= Paul MacGillivray =

British scientist (1834–1895)

Paul Howard MacGillivray (1834 – 9 June 1895) was a Scots-born surgeon and naturalist in Victoria, Australia.

== Early life ==
MacGillivray was born in Edinburgh to William MacGillivray and Marion MacGillivray .
He was educated at Marischal College in the University of Aberdeen, where his father was appointed a professor in 1841, teaching natural history.
While a student, Paul wrote and published A Catalogue of the Flowering Plants and Ferns growing in the neighbourhood of Aberdeen, with the help and support of his father. He gained his MA in 1851, but when his father died in September 1852, MacGillivray lost interest in science, and instead chose to study medicine in London; in 1855 he was elected a member of the Royal College of Surgeons. He joined the ship Cornwall, and in that year first visited Victoria.

== Migration to Australia ==
He returned on the same ship in 1857, and was appointed medical officer at Williamstowm, In Australia he continued his medical practice, and began working at Williamstown, where he joined the local volunteer fire brigade, and served as the brigade's medical officer.
In 1862 he was appointed resident surgeon at the Bendigo Hospital, succeeding Dr Atkinson. He produced numerous papers and essays on surgical topics.
In 1873 he left the hospital to establish a private practice in Bendigo, and in 1874 was elected president of the Medical Society of Victoria.
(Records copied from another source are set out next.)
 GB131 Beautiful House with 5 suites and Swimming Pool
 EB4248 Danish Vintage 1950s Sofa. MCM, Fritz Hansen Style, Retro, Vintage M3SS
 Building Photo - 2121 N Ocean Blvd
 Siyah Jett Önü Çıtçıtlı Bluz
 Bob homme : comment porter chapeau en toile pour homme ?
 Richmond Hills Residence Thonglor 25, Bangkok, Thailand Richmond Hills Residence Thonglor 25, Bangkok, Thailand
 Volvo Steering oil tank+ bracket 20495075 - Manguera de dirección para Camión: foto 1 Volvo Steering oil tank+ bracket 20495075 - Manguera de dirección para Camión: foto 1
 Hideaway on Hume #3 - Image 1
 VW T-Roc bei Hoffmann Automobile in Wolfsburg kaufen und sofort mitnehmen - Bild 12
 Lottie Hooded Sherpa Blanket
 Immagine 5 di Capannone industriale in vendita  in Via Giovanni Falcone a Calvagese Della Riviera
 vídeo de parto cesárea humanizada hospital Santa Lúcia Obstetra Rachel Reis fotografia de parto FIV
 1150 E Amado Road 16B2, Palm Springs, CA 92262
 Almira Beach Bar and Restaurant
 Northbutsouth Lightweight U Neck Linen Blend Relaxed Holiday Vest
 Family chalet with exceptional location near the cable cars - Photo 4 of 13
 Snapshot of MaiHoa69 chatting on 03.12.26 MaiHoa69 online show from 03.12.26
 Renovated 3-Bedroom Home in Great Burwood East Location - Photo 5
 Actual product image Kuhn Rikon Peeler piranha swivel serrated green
MacGillivray also became an important naturalist. He joined the Field Naturalists' Club of Victoria and gained a reputation as an observer, describing novel species of plumatella and studying the unique polyzoa of Australia, collected by the South Australian Museum and the "indefatigable" J. Bracebridge Wilson" around Port Phillip Heads.
MacGillivray was elected a member of the Philosophical Institute (later Royal Society of Victoria).

== Death ==
MacGillivray had not completed a promised chapter on zoophytes and fossils for Sir Frederick McCoy's projected A Natural History of Australia, and was close to completing a monograph (on the Polyzoa of Victoria) for the Royal Society of Victoria, when he died on 9 July 1895 at his house on Forest Street, Bendigo.

The funeral was private; mourners included his brothers-in-law Robert L. J. Ellery and Charles Alfred Topp.

His will stipulated that all his property be liquidated and invested, the interest being for the benefit of his widow.

His collections, papers, findings and library were donated to the National Museum of Victoria by the government shortly after his death.

==Family==
On 28 August 1866 MacGillivray married Isabella Audley Shields (1842 – 11 September 1917), daughter of Dr John Shields of Launceston, Tasmania.; they had one son and five daughters: Their son, William MacGillivray, was presumed dead in 1902 nothing having been heard of him since December 1895 at Cue, Western Australia, his last known address.

John MacGillivray, naturalist and explorer of Papua New Guinea and nearby islands, was a brother.